Cyber-Physical Systems and Internet-of-Things

As software becomes more pervasive, it is becoming more common for software to interact with physical entities in our lives, for example in self-driving cars, smart environments, and energy aware systems. Traditional design techniques have either been software-centric, assuming that the software was isolated from the physical world, or in systems engineering, where physical parts of the system are designed first, software was considered a last step to make everythign work. A new paradigm is needed that considers system design as an integrated process of software, physical, and human interaction design. Our research is focussing on this on two ways:

Heterogeneous Modeling, Analysis, and Verification of Cyber-Physical Systems

Project Description

In this research project we are addressing the issue of heterogeneity and lack of integration between modeling methods that are used for engineering Cyber-Physical Systems (CPS). Modeling methods that come from diverse scientific fields (such as control theory, mechanical engineering, computer science) often disagree on the basic elements of system modeling (e.g., level of abstraction, time, data flow, control flow, and determinism). If not handled properly, these disagreements may lead to subtle bugs, which can cause catastrophic system failures.

Research

Our Position: We take an architectural approach to heterogeneous modeling of cyber-physical systems. The key insight of our approach is that architectural models (views) can be used as an abstraction to integrate otherwise incomparable models. Domain specific analyses can operate on appropriate views within a managed environment that detects and prevents inconsistencies. Our research focuses on providing a framework of architectural views and analyses as plugins that are easily integrated with existing models and tools, such as AADL, Simulink, KeYmaera, Modelica, etc.

Sample Questions

  • What are the appropriate architectural abstractions for representing physical, control, and hybrid models and their interactions with software?
  • How can we provide architectural views to represent heterogeneous models of cyber-physical systems?
  • How do we define and verify consistency between different models and views?
  • How can we integrate analyses that originate in different engineering disciplines?
  • How can we verify across multiple different models?

Contacts

David Garlan, Bradley Schmerl, Ivan Ruchkin.

Landmark Papers

Related Papers

Human Assistance for IoT

Project Description

As the Internet of Things becomes a reality, research has focussed on how to connect everyday objects.

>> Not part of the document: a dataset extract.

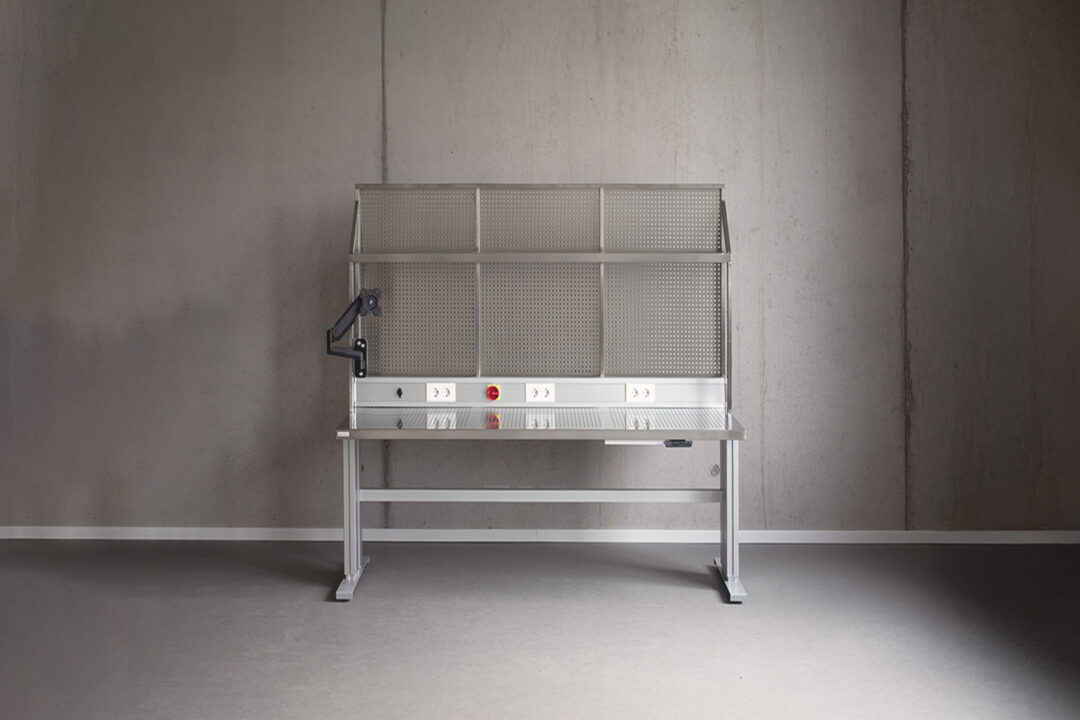 841009 Reinraumtisch Alu 1620x1080px 72dpi - SL.jpg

A remaining challenge is how do we design software that has a symbiotic relationship between humans and the physical systems they interact with? In this research, we are examining architectures and formalisms that support software as assistants.

Research

Our Position: For the internet of things to become truly useful, and the vision of pervasive computing to be realized, software design needs to consider humans as an integral part. The connectedness of many things is not useful without overarching software to provide assistance to humans in their everyday tasks.

Sample questions:

  • What architectural styles are needed for task assistance?
  • How can we incorporate artificial intelligence into such systems?
  • How can task planning consider human elements of the tasks?